BB: Yeah, what’s that venue that the Punch Brothers played? House of Blues.
EVAN: House of Blues.
BB: Yeah, the Punch Brothers like sold that out almost I think.
MIKE: That’s a huge room.
BB: That’s a huge room! And they’re a bluegrass band. I mean you know, they’re obviously their own case but it’s still like, I know the Stringdusters have also played in Boston with like a massive crowd -
EVAN: Or like the Davis Square Theater has folks, and like Passim like you mentioned.
MIKE: Of course, of course.
EVAN: Even like Lizard Lounge, like, Boston’s pretty friendly to the acoustic music.
MIKE: Acoustic music, totally.
EVAN: ‘Cause I think young people are friendly to it.
MIKE: Do you, when you tour to these places where you might more commonly associate something like bluegrass and folk, like Appalachia for example, are you received any differently do you think because you’re like based in Boston? Am I projecting onto them a sort of traditionalism that maybe isn’t there? Have you experienced that at all? Or like, “you guys are pretty good for being from Boston.”
EVAN: [laughs]
BB: Yeah, I do feel like when audiences in the South listen to us they kind of hear us as a more progressive band, and I think when audiences in New England hear us, they hear us as a more traditional band. But that just might be my own head, you know, playing games on me.
MIKE: Interesting.
EVAN: I remember we played at this place called, um, Bill’s Pickin’ Parlor. And it’s a really like traditional-looking place. I mean, it’s like all wood inside, and there’s photos all over the wall of like bluegrass legends who’ve played there, and we were up on stage and I remember, like, we do a mostly, I mean you saw our set at Passim, like it’s pretty bluegrassy, you know, there’s a lot of traditional-sounding stuff in there. But then we were doing like, Rocket Man-
MIKE: Rocket Man, I was just gonna say.
EVAN: -and Nate wrote this song that’s like really dark, and in like it’s in five, and it’s kind of metal sounding. I remember cringing and thinking like-
MIKE: Are they gonna eat us alive?
EVAN: -are these people gonna hate this? But they didn’t really, they like, I have really not encountered many people who have come up to us and been like you guys are subverting, you know, the tradition.

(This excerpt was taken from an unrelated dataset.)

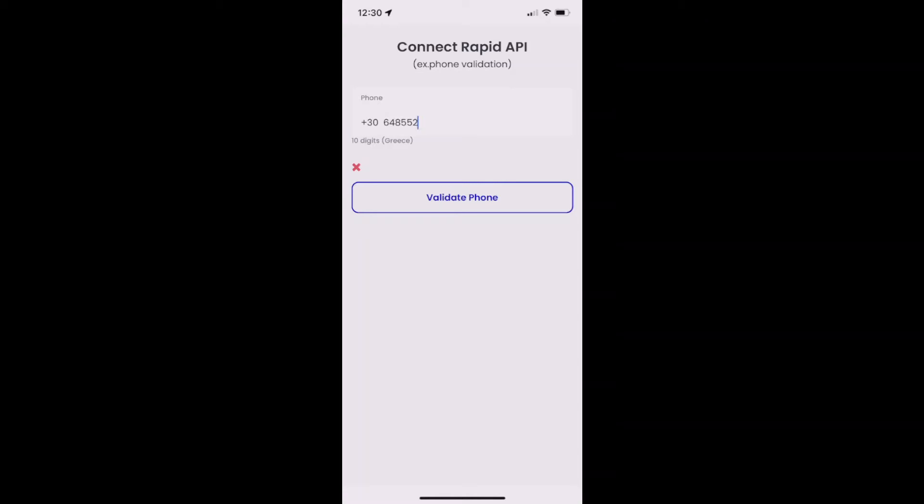Hello everyone! Today we're here with our second tutorial. Today's tutorial is going to be about connecting an API to your project. This time we're going to use an API from RapidAPI, but you can use any kind of API.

MIKE: You guys are appropriating bluegrass culture-
EVAN: Yeah!
BB: [laughs]
EVAN: We haven’t gotten a lot of that.
MIKE: -for your own twisted progressive views.
EVAN: And I think that we try as a band to like shed, so that, like bluegrass is pretty transparent I think. Like if you can’t play it, people will notice, like there’s not a lot of covering it up.
MIKE: There’s like a high bar of entry.
EVAN: Yeah.
MIKE: In terms of like chops, I guess.
EVAN: Totally. And so we’ve really tried to practice so that when we go to Bill’s Pickin’ Parlor or any venue we want people to, yeah, come up and be like, you know, that sounded legitimate to me. And I think we’ve mostly gotten that.
MIKE: That’s like my fear, is to go to someplace like where the music originated and be like, “I don’t know, I think you’re just faking it.
BB & EVAN: [laughs]
[music: “Traveling onwards through the night / Gazing upwards to the light”]
MIKE: At what point did you make the leap to being a full-time band? Like how was that transition for each of you?
BB: Some of us, like Nate, when the band first started Nate was actually still in Berklee, still in school. So, he could only so much, but.
MIKE: Is he a baby?
BB: Yeah, he’s the youngest. Bronwyn and I were just both teaching private lessons, which we’re still doing, so in that sense nothing’s changed for us. Just a whole lot more busy. For Evan, you had a part-time music teaching gig?
EVAN: Yeah. Yeah I was doing a couple different things that were a little more structured, like some really early childhood music classes and some private lessons. But both through companies, so, with a lot less flexibility to just like move and cancel things at will. And it was when we decided to tour Australia and New Zealand, ‘cause we were gonna be over there for like a month, and I’d had these jobs for like two years, and the strain of trying to balance the band schedule with the teaching schedule was just getting to be way too stressful. And it was at that point when we were gonna be gone for a month that I was like, alright I guess I’m done doing these jobs. You know, cause like the band is just getting too busy, and that’s when I contacted them and said like, I can’t do this anymore.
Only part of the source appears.